Exploiting the Asymmetric Uncertainty Structure of Pre-trained VLMs on the Unit Hypersphere
- URL: http://arxiv.org/abs/2505.11029v1
- Date: Fri, 16 May 2025 09:24:29 GMT
- Title: Exploiting the Asymmetric Uncertainty Structure of Pre-trained VLMs on the Unit Hypersphere
- Authors: Li Ju, Max Andersson, Stina Fredriksson, Edward Glöckner, Andreas Hellander, Ekta Vats, Prashant Singh,
- Abstract summary: We propose AsymVLM to build probabilistic embeddings from pre-trained vision-language models on the unit hypersphere, enabling uncertainty quantification.<n>We validate the effectiveness of the probabilistic embeddings on established benchmarks, and present comprehensive ablation studies demonstrating the inherent nature of asymmetry in the uncertainty structure of textual and visual data.

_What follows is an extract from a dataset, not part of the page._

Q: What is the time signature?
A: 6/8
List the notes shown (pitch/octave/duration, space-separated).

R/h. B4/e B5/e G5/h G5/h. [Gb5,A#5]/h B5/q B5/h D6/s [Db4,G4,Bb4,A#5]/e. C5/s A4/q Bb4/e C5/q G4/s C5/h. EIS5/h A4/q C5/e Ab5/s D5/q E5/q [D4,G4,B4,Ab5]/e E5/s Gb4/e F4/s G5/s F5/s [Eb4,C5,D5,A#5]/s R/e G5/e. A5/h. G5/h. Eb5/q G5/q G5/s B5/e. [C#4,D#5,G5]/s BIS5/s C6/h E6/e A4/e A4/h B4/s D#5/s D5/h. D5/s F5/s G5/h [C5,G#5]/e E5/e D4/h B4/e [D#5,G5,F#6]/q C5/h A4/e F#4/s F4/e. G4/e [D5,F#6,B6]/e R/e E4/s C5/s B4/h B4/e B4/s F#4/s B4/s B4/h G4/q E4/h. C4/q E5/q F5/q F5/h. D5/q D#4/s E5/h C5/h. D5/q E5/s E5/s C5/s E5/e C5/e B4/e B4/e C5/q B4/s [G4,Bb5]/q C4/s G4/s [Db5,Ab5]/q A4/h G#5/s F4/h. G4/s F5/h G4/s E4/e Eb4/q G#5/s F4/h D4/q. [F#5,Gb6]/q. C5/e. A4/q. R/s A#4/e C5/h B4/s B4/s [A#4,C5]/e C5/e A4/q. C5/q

- Score: 0.301138495170623
- License: http://creativecommons.org/licenses/by/4.0/
- Abstract: Vision-language models (VLMs) as foundation models have significantly enhanced performance across a wide range of visual and textual tasks, without requiring large-scale training from scratch for downstream tasks. However, these deterministic VLMs fail to capture the inherent ambiguity and uncertainty in natural language and visual data. Recent probabilistic post-hoc adaptation methods address this by mapping deterministic embeddings onto probability distributions; however, existing approaches do not account for the asymmetric uncertainty structure of the modalities, and the constraint that meaningful deterministic embeddings reside on a unit hypersphere, potentially leading to suboptimal performance. In this paper, we address the asymmetric uncertainty structure inherent in textual and visual data, and propose AsymVLM to build probabilistic embeddings from pre-trained VLMs on the unit hypersphere, enabling uncertainty quantification. We validate the effectiveness of the probabilistic embeddings on established benchmarks, and present comprehensive ablation studies demonstrating the inherent nature of asymmetry in the uncertainty structure of textual and visual data.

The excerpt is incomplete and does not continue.